What is required: Leave the pictures out, and transcribe the material below exactly from the line with "Fiordland National Park" to the line with "樹林三店面大地坪透天廠", both lines included.

Records supplied:
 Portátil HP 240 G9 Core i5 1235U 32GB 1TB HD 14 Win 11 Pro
---
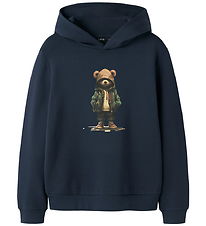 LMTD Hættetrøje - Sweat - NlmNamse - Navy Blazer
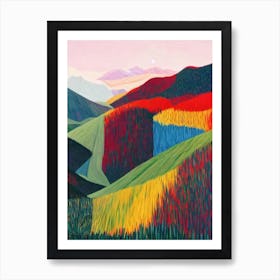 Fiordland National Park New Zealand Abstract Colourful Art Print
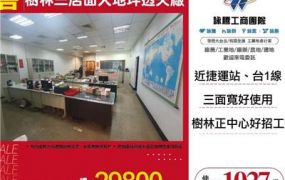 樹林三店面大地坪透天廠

Answer box:
 Fiordland National Park New Zealand Abstract Colourful Art Print
 樹林三店面大地坪透天廠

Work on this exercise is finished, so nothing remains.